Unindo falas contundentes e evocando cenas complexas sem fugir dos erros cometidos, o documentário foi idealizado por Ana Paula Guimarães e Tatiana Maranhão. Talvez por isso, a obra consegue se guiar pelo ponto de vista de quem viveu todo aquele universo de glamour e perrengue.
Gordofobia, racismo, misoginia e assédio moral costuram a teia de um cenário que, na tela das crianças brasileiras, soava como um mundo de diversão. As Paquitas relatam situações inaceitáveis, como o fato de precisarem se despir na frente de Marlene Mattos para que a então diretora do programa pudesse fazer uma avaliação de quem estava ou não "acima do peso".

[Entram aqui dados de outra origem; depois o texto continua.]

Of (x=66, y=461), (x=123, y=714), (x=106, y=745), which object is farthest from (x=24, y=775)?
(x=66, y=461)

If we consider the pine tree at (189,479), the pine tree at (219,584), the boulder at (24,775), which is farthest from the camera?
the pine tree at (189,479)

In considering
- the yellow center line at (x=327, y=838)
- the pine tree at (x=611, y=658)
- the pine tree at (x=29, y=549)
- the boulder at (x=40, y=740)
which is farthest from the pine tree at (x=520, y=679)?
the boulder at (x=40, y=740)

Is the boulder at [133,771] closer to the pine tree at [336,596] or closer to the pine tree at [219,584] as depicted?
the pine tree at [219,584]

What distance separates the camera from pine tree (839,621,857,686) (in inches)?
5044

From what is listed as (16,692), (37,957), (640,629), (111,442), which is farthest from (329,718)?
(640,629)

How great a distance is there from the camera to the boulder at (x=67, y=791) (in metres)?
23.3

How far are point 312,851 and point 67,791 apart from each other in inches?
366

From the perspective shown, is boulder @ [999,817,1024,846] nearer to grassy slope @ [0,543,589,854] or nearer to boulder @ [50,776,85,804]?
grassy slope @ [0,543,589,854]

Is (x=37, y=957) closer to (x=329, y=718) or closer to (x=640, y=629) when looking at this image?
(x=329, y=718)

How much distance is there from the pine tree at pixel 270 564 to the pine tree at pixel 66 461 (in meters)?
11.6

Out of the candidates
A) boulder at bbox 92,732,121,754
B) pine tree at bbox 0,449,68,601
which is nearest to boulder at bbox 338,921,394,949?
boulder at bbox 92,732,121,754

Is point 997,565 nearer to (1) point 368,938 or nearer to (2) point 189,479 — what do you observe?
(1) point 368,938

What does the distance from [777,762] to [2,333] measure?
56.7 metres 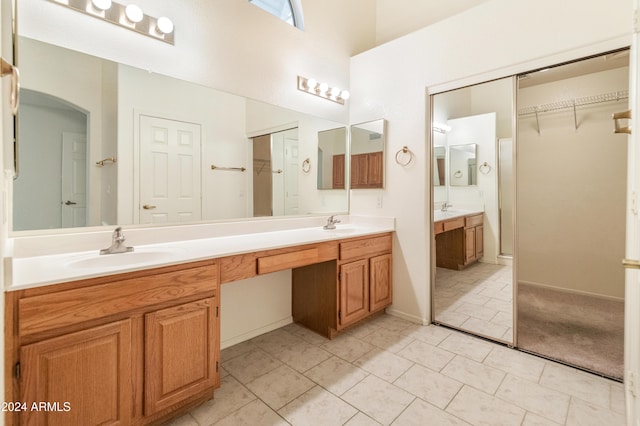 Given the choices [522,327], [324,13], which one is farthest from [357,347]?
[324,13]

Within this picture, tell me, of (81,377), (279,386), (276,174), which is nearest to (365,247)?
(276,174)

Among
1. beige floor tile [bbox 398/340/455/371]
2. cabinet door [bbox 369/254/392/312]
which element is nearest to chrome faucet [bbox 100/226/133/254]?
cabinet door [bbox 369/254/392/312]

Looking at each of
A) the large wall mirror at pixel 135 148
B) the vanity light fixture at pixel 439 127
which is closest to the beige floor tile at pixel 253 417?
the large wall mirror at pixel 135 148

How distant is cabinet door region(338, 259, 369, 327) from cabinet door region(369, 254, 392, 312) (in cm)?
7

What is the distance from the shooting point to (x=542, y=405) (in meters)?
1.57

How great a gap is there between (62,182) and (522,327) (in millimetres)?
3159

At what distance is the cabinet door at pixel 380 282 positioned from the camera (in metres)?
2.53

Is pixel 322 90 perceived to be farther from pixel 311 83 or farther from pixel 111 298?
pixel 111 298

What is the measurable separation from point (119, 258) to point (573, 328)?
317cm

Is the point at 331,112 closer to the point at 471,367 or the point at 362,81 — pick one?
the point at 362,81

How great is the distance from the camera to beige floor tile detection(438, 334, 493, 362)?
2.08 m

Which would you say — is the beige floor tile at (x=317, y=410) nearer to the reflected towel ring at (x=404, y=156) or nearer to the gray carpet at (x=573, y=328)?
the gray carpet at (x=573, y=328)

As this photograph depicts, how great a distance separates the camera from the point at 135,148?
5.83ft

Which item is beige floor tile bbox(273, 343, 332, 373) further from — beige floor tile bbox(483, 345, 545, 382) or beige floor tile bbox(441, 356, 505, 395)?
beige floor tile bbox(483, 345, 545, 382) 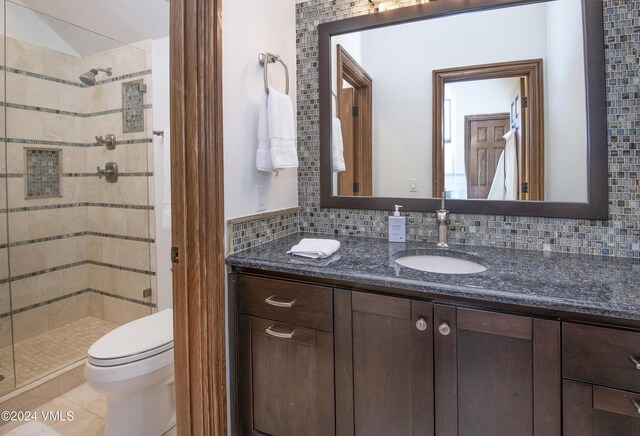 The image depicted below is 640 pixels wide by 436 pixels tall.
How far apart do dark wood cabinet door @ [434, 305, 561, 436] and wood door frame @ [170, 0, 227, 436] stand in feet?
2.60

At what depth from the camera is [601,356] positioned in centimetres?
83

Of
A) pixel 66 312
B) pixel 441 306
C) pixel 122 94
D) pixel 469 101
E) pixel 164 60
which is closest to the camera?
pixel 441 306

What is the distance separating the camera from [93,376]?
56.1 inches

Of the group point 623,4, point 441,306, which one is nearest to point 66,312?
point 441,306

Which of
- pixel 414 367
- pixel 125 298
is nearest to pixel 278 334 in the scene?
pixel 414 367

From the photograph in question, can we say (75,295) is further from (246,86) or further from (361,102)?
(361,102)

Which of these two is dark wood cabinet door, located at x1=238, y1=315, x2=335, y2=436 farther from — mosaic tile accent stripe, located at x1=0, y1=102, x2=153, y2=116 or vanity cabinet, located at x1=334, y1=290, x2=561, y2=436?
mosaic tile accent stripe, located at x1=0, y1=102, x2=153, y2=116

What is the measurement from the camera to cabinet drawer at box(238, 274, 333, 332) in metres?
1.16

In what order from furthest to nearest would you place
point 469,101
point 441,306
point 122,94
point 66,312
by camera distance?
1. point 66,312
2. point 122,94
3. point 469,101
4. point 441,306

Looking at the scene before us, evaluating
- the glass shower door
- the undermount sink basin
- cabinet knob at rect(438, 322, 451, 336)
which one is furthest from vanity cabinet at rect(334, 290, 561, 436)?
the glass shower door

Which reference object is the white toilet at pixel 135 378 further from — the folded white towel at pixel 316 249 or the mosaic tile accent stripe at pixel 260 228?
the folded white towel at pixel 316 249

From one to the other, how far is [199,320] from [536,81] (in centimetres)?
164

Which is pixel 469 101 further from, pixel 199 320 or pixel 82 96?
pixel 82 96

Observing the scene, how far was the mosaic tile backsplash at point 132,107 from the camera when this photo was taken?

Caso a chefe (que não quis participar da série) julgasse que uma das meninas estava acima do peso, a garota era punida, sendo cortada de atividades do grupo. Chamadas constantemente por palavrões, elas, todas menores de 18 anos, precisavam cumprir cargas horárias exaustivas e nem podiam sequer manter os fios de cabelo na cor natural (todo mundo precisava ser loira).
Pensar nesse programa e ecoar a frase-meme "Que Xou da Xuxa é esse?" (grito dado por uma criança vetada de estar na plateia da atração), me fez pensar nos mundos "de fantasia" dos ambientes artísticos mundo afora, que, por baixo dos panos, seguem reproduzindo lógicas extremamente problemáticas.
Será que a gestão daquele espaço cultural é tão inclusiva assim ou há perseguição a funcionários que estão fora do "padrão"? Será que o tal diretor de teatro é só rígido mesmo ou ele se vale do poder para humilhar atrizes? E aquele equipamento público é mesmo diverso ou também é proibido "Paquita preta"?.
Se nos anos 1990, ações de preconceitos eram bradadas nos corredores sem meandros, nos "xous" de "novas Xuxas", a sutileza dos erros crassos impera no silêncio e no dito-não-dito. Fica ainda mais difícil discernir quem são as Marlenes. Avançamos? consideravelmente, mas a fantasia igualitária vendida por aí ainda é mundo da imaginação.